The newly created Tensors do not have `requires_grad=True` because:
1. The original Tensor it was created from did not have `requires_grad=True`
2. When creating the Tensor from an exisiting Tensor, __WE__ did not specifiy `requires_grad=True`.

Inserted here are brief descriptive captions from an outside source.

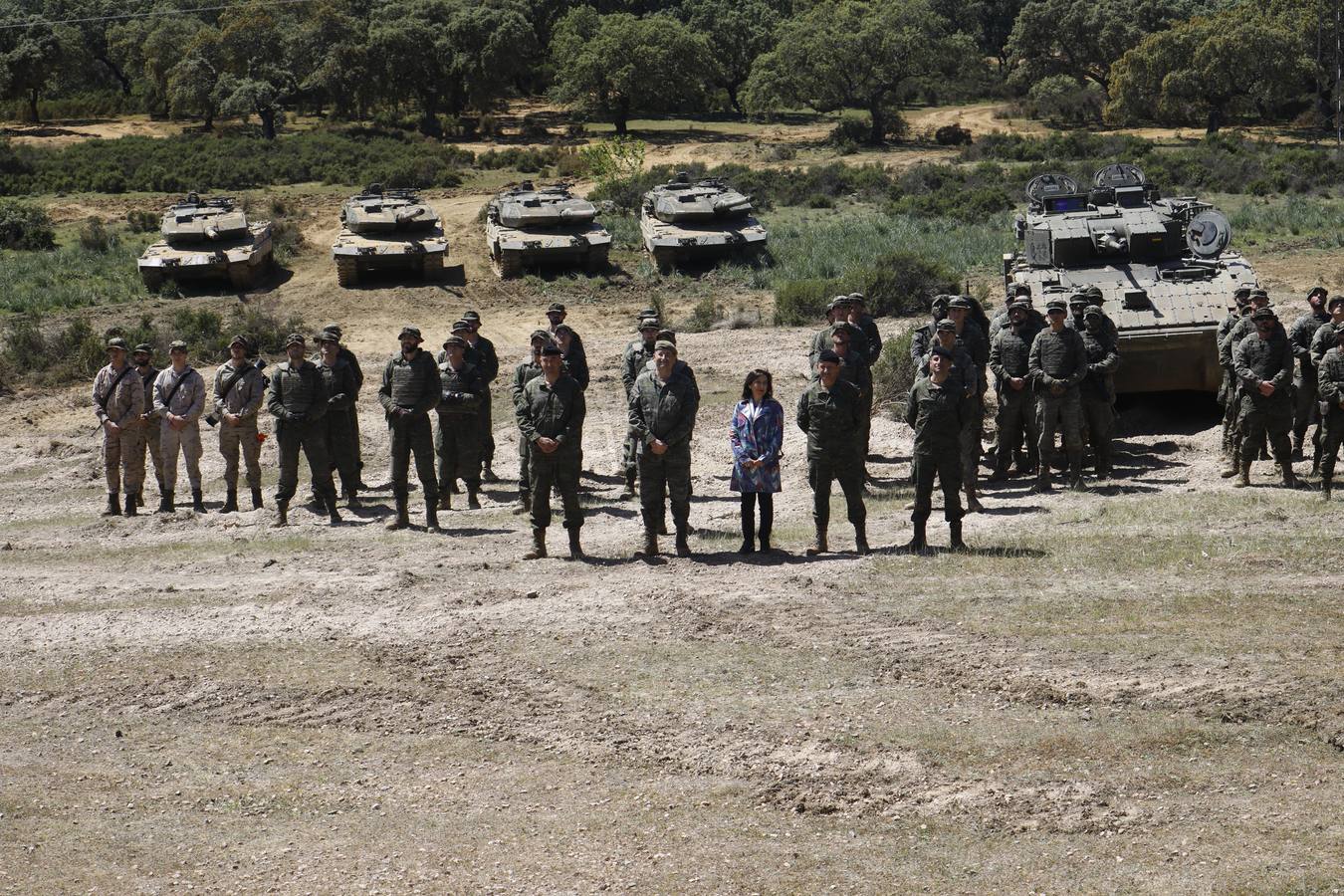 La visita de la ministra de Defensa a la Base de Cerro Muriano en Córdoba, en imágenes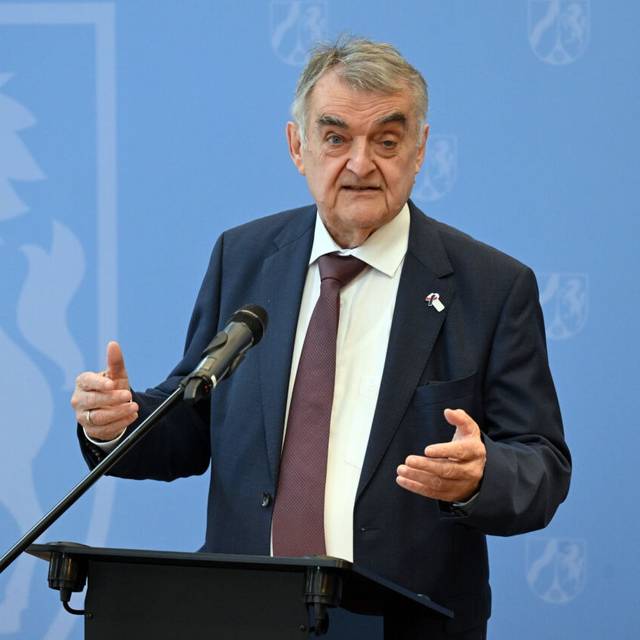 Herbert Reul (CDU), Innenminister von Nordrhein-Westfalen, spricht auf einer Pressekonferenz. Ein 27 Jahre alter Mann ist in Essen wegen Terrorverdachts von einer Spezialeinheit der Polizei festgenommen worden.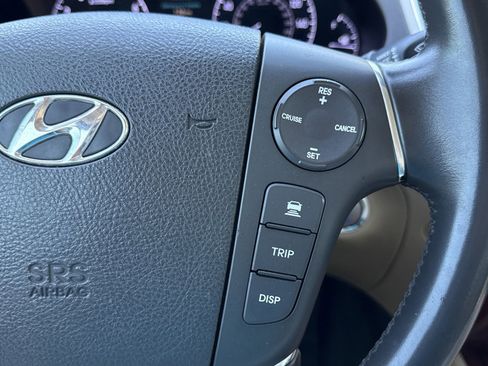 Used 2013 Hyundai Genesis 3.8 w/ Premium Pkg RWD image 24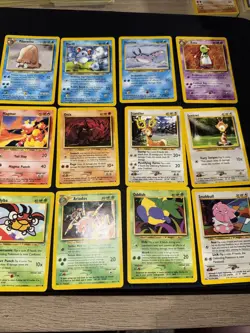 Vintage 1999 Pokemon 12 Card Lot Neo Genesis Xatu Magmar Oddish - Image 1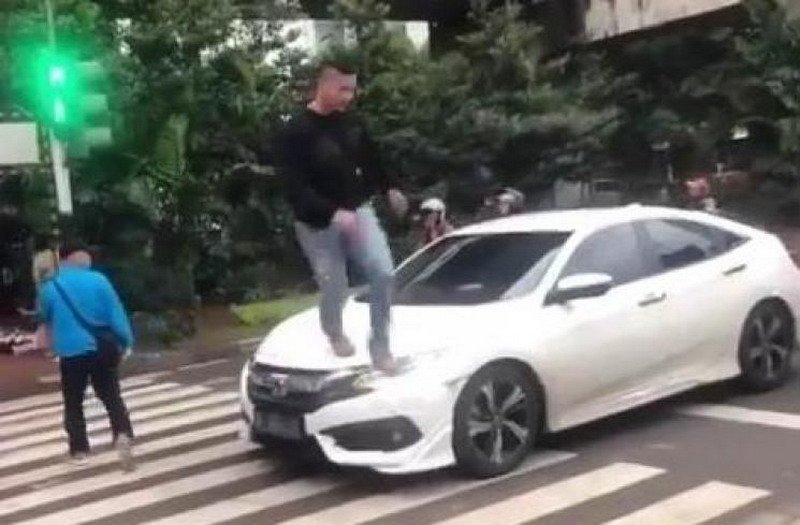 Viral Pria Injak Mobil yang Halangi Jalur Pejalan Kaki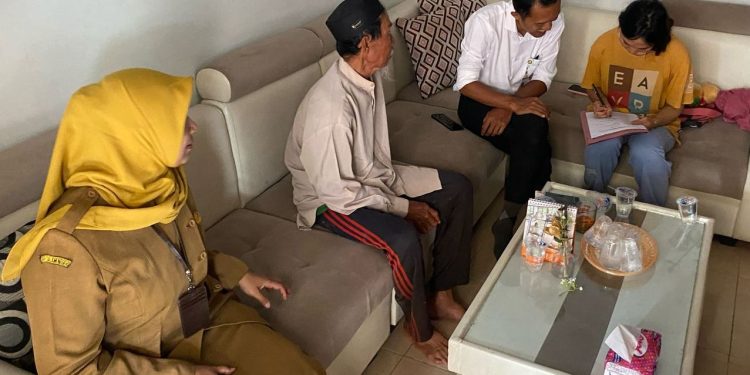 Sempat Viral Minta Bantuan Presiden, Wanita Asal Indramayu Korban Modus Pesanan Pengantin, Kini Pulang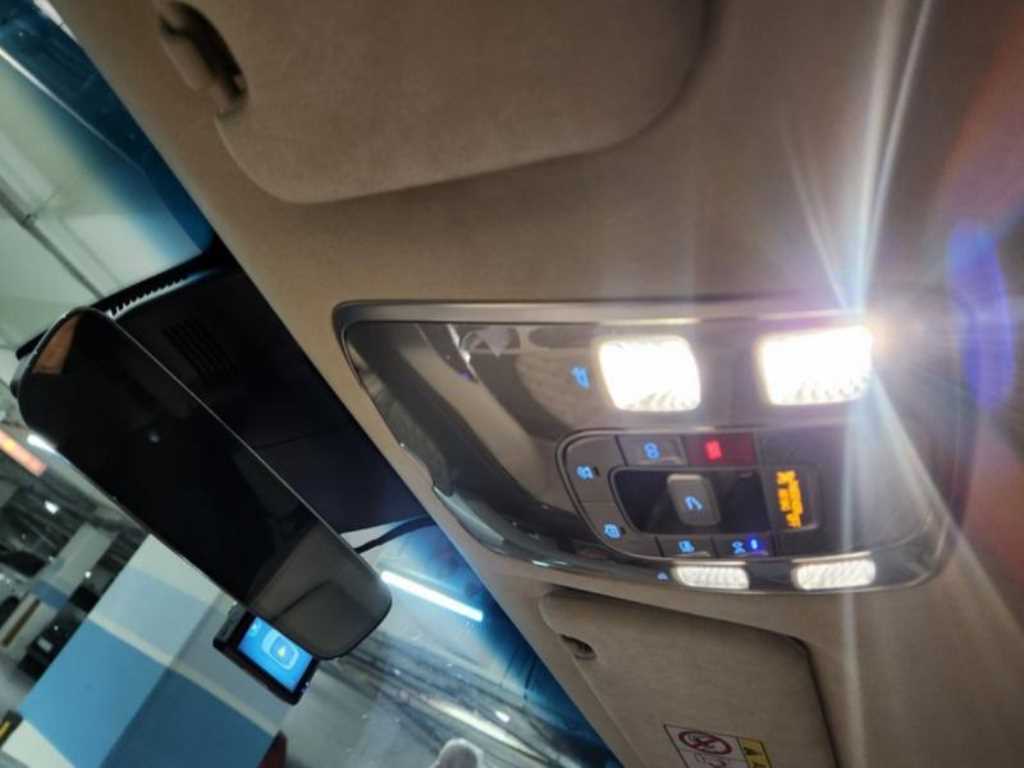 Genesis GV70 - Vista 11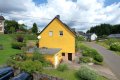 Ruhig gelegenes, freistehendes Haus mit Terrasse, Garage und Gartenhaus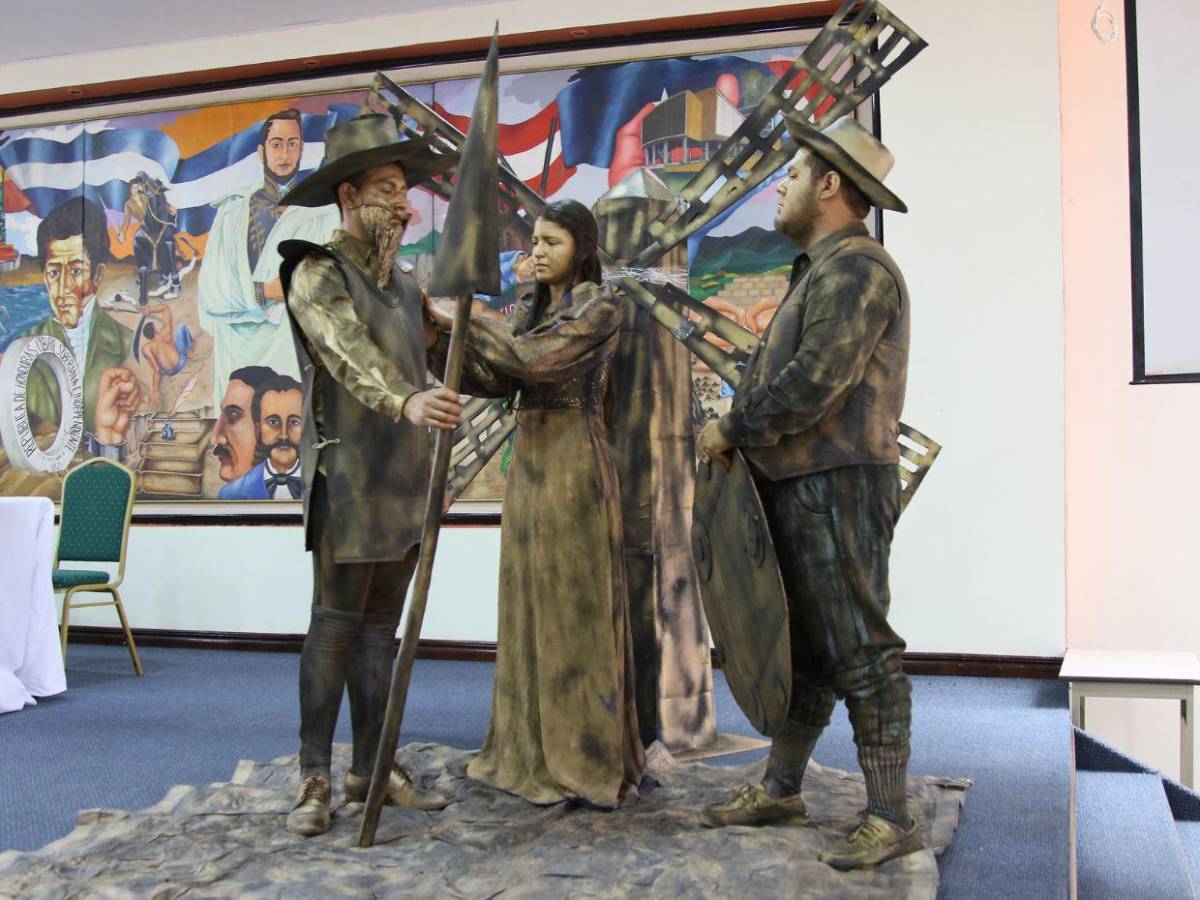 Semana del Idioma 2025: Las imágenes del acto inaugural en la UPNFM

>__REMINDER__! `requires_grad=True` can only be set on Tensors of `dtype=float`!
> Example:
> ``` python
> # new_x1.dtype >>> torch.int64
new_x1.requires_grad_()
> ```
> If you try to set `requires_grad=True` on a Tensor of dtype `torch.int64` you'll get the following error.
>
> <font color=red>RuntimeError</font>:
>```python 
Only Tensors of float point dtype can require gradients
```

In [17]:
print(new_x1.requires_grad)
print(new_x2.requires_grad)

False
False


In [18]:
# print(new_x1.requires_grad_())

# Now our new tensor has memory.
print(new_x2.requires_grad_())

tensor([[1., 1., 1., 1., 1.],
        [1., 1., 1., 1., 1.],
        [1., 1., 1., 1., 1.],
        [1., 1., 1., 1., 1.],
        [1., 1., 1., 1., 1.]], dtype=torch.float64, requires_grad=True)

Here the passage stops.